‘Naked-Eye’ Gamma-Ray Burst Was Aimed Squarely at Earth

Written by thomas · Filed Under Aeronautics News 

September 10, 2008

thomas

WASHINGTON, Sept. 10 /PRNewswire-USNewswire/ — Data from satellites
and observatories around the globe show a jet from a powerful stellar
explosion witnessed March 19 was aimed almost directly at Earth.

NASA’s Swift satellite detected the explosion — formally named GRB
080319B — at 2:13 a.m. EDT that morning and pinpointed its position in the
constellation Bootes. The event, called a gamma-ray burst, became bright
enough for human eyes to see. Observations of the event are giving
astronomers the most detailed portrait of a burst ever recorded.

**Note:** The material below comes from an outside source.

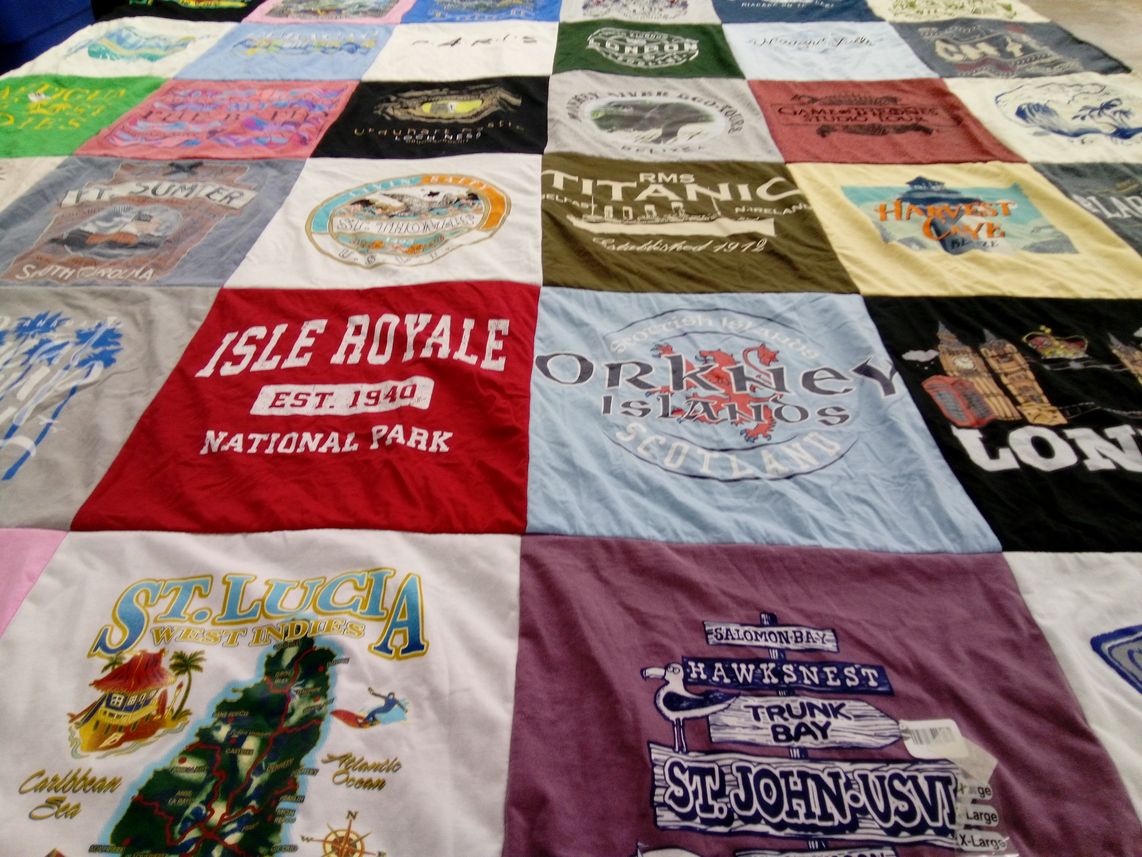 T-shirt quilt with travel, national parks themes by Dixie from IL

“Swift was designed to find unusual bursts,” said Swift principal
investigator Neil Gehrels at NASA’s Goddard Space Flight Center in
Greenbelt, Md. “We really hit the jackpot with this one.”

In a paper to appear in Thursday’s issue of Nature, Judith Racusin of
Penn State University and a team of 92 coauthors report on observations
across the spectrum that began 30 minutes before the explosion and followed
its afterglow for months. The team concludes the burst’s extraordinary
brightness arose from a jet that shot material directly toward Earth at
99.99995 percent the speed of light.

At the same moment Swift saw the burst, the Russian KONUS instrument on
NASA’s Wind satellite also sensed the gamma rays and provided a wide view
of their spectral structure. A robotic wide-field optical camera called “Pi
of the Sky” in Chile simultaneously captured the burst’s first visible
light. The system is operated by institutions from Poland.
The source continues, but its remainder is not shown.